You may think that your hearing has nothing to do with your balance. After all, one concerns sounds while the other relates to movement. However, the same part of your ear that controls hearing also controls your balance, and any hearing loss you suffer can have an impact on your balance.
The ear is divided into three parts: The outer ear, the inner ear and the middle ear. The outer ear is the part you see, and the middle ear is located deeper in the head and is connected to the back of the throat.
The inner ear is what has the most influence on your hearing and your balance. The inner ear is composed of a complicated series of tubes and mechanisms. Sound is registered by sensory cells located in the fluid-filled cochlea, which transforms those sound waves into electrical impulses that are sent to the brain by a connecting nerve. Movement is detected by the vestibular system, which includes a network of tubes and canals. Information about movement is also transmitted to the brain via electrical impulses.

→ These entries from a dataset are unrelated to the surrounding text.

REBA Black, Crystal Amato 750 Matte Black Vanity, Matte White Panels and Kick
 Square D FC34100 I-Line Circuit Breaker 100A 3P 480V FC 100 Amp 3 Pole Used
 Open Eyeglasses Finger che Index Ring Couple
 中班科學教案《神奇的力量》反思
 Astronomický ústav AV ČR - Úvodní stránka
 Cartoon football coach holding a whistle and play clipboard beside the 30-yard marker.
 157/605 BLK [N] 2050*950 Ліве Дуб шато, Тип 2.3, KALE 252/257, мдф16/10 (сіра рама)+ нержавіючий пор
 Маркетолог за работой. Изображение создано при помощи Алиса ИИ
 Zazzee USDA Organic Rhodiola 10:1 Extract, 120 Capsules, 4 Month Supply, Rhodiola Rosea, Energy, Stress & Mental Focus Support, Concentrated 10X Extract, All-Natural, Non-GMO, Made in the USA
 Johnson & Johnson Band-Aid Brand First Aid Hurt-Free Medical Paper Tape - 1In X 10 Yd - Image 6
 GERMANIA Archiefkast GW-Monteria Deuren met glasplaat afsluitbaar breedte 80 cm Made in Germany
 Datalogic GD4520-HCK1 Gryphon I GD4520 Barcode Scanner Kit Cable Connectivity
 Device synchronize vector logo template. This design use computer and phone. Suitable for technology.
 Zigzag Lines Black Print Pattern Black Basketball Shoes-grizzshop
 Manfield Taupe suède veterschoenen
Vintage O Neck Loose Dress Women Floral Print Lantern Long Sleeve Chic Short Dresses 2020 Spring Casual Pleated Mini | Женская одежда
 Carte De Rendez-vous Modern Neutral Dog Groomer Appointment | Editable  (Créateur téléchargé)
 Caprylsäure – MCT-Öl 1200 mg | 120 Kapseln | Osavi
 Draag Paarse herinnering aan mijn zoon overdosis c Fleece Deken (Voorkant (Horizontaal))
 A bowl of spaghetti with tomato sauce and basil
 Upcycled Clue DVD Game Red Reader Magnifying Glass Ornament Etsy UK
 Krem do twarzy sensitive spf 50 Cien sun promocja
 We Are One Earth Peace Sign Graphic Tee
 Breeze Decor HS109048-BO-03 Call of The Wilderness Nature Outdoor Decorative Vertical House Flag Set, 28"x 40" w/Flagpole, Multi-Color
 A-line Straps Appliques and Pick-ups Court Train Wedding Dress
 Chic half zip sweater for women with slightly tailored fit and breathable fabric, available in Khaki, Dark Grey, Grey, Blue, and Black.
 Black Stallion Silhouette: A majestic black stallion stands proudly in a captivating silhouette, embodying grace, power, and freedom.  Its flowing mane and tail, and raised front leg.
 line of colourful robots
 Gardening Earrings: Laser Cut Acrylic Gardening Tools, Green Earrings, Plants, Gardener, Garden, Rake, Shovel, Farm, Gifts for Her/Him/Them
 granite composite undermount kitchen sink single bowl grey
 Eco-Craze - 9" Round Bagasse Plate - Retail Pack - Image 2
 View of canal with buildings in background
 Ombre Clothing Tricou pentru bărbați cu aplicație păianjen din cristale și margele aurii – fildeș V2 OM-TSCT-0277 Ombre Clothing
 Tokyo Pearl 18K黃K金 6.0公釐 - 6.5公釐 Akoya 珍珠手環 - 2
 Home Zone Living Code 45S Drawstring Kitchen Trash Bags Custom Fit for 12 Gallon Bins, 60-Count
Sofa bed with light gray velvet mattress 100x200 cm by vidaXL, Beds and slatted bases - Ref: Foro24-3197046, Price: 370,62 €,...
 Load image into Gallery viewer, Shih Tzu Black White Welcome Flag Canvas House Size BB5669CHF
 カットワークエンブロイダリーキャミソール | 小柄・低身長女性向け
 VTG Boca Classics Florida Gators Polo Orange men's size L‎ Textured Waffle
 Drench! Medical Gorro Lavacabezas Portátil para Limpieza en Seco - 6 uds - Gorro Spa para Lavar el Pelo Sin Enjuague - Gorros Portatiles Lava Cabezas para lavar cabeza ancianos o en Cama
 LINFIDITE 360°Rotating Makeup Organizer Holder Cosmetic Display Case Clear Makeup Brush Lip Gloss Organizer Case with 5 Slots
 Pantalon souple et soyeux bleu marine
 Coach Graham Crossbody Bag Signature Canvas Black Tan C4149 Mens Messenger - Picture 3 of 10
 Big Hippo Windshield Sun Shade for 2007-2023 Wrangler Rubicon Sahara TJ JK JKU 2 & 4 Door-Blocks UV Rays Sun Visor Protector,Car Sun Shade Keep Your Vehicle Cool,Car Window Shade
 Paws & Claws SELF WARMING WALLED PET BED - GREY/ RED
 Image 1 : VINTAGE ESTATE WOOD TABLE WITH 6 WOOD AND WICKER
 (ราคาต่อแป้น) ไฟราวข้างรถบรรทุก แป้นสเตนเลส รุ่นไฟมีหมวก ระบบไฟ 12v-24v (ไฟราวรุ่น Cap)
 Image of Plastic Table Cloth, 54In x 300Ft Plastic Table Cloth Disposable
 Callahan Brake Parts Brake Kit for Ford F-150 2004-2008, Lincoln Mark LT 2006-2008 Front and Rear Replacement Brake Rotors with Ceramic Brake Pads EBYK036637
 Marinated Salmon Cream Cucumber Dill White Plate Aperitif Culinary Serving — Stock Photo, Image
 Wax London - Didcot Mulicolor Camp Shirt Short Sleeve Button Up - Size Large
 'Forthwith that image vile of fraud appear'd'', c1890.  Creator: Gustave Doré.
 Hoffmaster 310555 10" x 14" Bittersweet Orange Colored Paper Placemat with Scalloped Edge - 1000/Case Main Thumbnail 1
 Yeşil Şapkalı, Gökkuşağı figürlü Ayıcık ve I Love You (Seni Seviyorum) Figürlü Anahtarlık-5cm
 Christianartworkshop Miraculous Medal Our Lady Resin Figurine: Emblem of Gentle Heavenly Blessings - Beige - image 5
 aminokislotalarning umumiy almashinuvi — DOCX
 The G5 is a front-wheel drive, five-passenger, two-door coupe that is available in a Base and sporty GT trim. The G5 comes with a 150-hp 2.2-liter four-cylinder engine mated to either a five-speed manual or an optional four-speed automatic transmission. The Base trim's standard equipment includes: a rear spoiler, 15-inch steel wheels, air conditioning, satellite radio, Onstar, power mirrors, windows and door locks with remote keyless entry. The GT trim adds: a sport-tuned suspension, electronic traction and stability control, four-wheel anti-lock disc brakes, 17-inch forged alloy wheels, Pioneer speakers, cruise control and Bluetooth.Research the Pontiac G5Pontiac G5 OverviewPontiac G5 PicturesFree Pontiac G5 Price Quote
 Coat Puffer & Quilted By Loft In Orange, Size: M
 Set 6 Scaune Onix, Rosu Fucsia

When you suffer from hearing loss, it may be due to a malfunction in the inner ear caused by a disease, injury, or deterioration from age. Changes to the inner ear can also impact the mechanisms that register movement, which can impact balance. Getting a regular checkup can help your doctor to detect any changes in your auditory health to not only preserve your hearing but also to help you preserve your balance. A certain level of auditory ability and balance may be restored with a hearing aid.